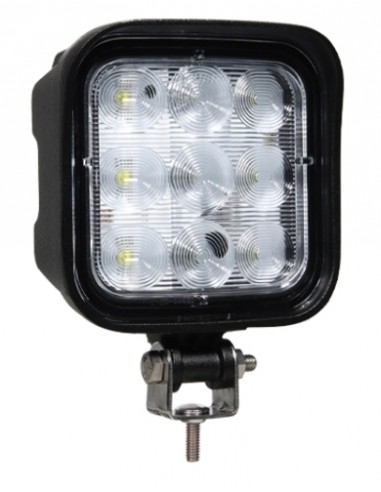 FARO DE TRABAJO LED 9/32V 9 LED 2160LUM 23W REFERENCIA 22844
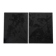 Large abstract diptych, mixed media on canvas by Alyse Stone RCA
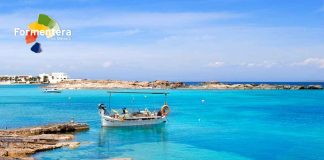 La gastronomía y los paisajes de Formentera viajan a Holanda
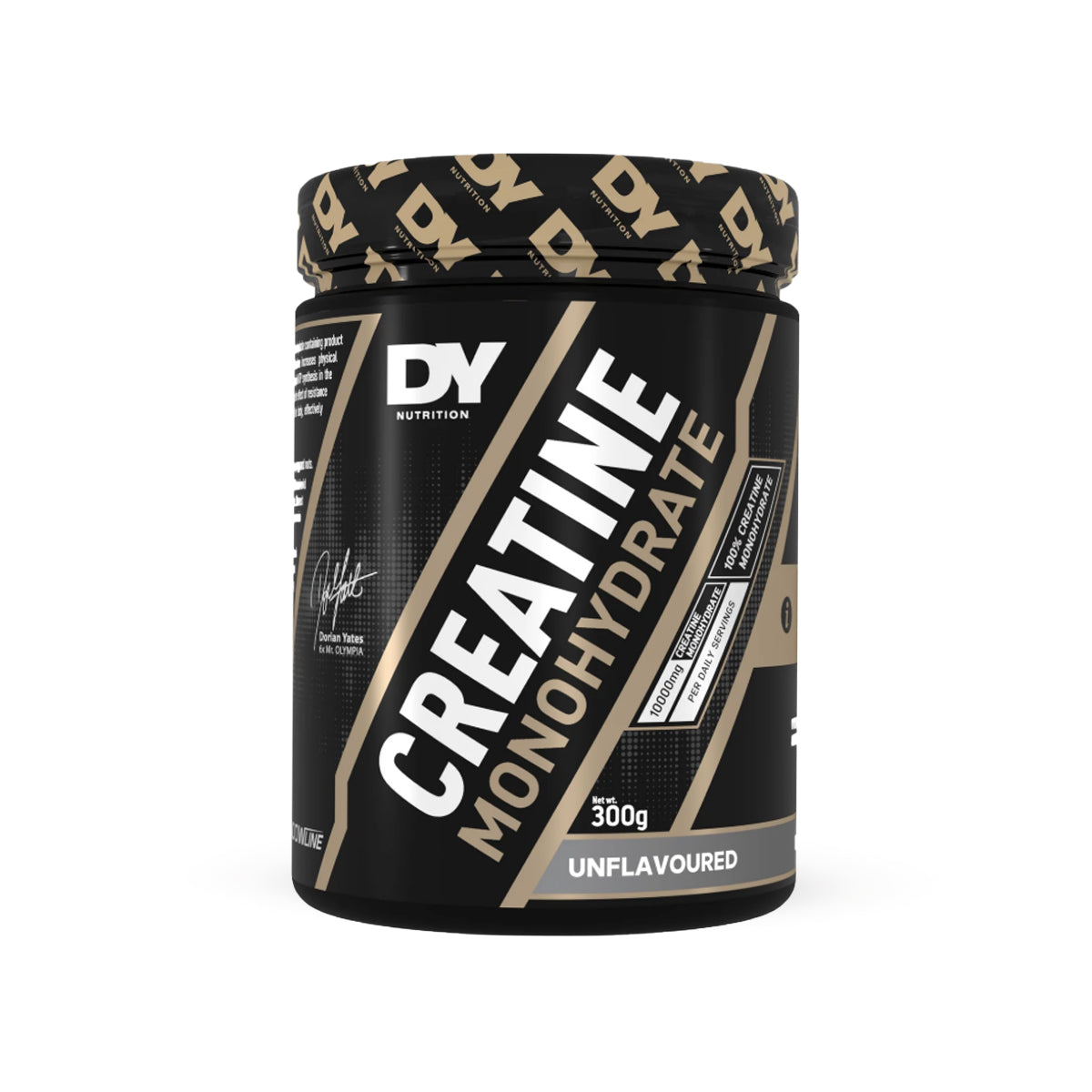 DY Creatine Monohydrate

**EXERCISE BRIEF**.
In the copy, only the lines from the one holding "La gastronomía y" through the end of the listing above should appear, retyped exactly, both ends included, with no pictures.

**ANSWER SECTION**.
 La gastronomía y los paisajes de Formentera viajan a Holanda
 DY Creatine Monohydrate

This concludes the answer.